Berkman is a liability in the field, but a healthy Berkman should continue to produce at the plate this season.
After a long career as a consistently solid player, Paul Konerko has made an unusual leap forward in his mid-30s. The two best offensive seasons of his career have come in the past two years, at the ages of 34 and 35.
Other than the general suspicion around a player peaking this late, there are no good reasons to doubt Konerko will fail to repeat in 2012.
In addition to his offensive abilities, Konerko brings an enormous amount of leadership to the clubhouse. There were even semi-serious talks in the White Sox front office of making him a player-manager.
Other than Konerko’s poor, though not terrible, defense, he possesses all of the traits one looks for in a valuable ballplayer. White Sox fans should feel blessed that Konerko has spent 14 seasons in Chicago and plans to finish his career there.

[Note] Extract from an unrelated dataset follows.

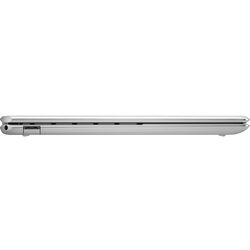 Ноутбук HP Spectre x360 14-ef0104nw Intel Core i7-1255U 16GB LPDDR4x/1TB SSD W11Pro (Silver) Thumb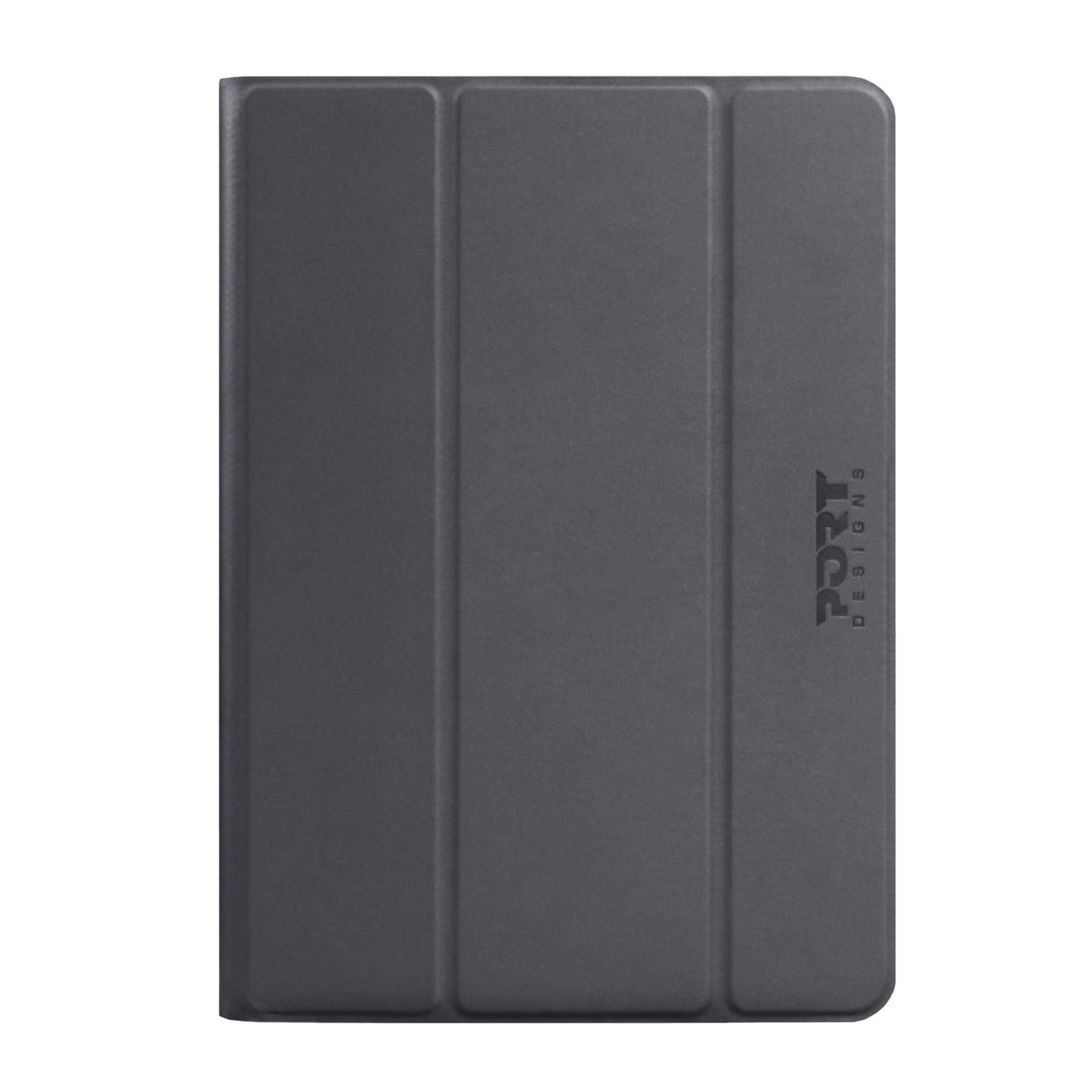 Universal Tablet Folio Cover 9-11"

The ceiling for Eric Hosmer is incredibly high.
In 2011, his first season in the majors, Hosmer established himself as a solid everyday player on both offense and defense. His power potential was also on display: 19 home runs in 128 games.
This is the best young player on the Royals, a team stacked with young talent. He will eventually be slugging 30+ homers in the middle of the Kansas City lineup. There is a good chance that begins in 2012.
Ike Davis is a solid young player with 20-homer power and the potential to hit around .300. His glove is also an asset.
The New York Mets are relying on this guy to be a main part of their lineup going forward. He probably will not disappoint. Davis ranks behind Hosmer due only to his slightly lower ceiling.
The past two seasons have been down years for the Rays' Carlos Pena. On the other hand, the three years prior to that were his best. He puts the ball in play so infrequently that he can go through major ups and downs from season to season.
Despite his streakiness, Pena will always bring plenty of power and solid defense to the table. Since Pena is on the wrong side of 30, the young guys, Eric Hosmer and Ike Davis, look like safer bets at this point for 2012.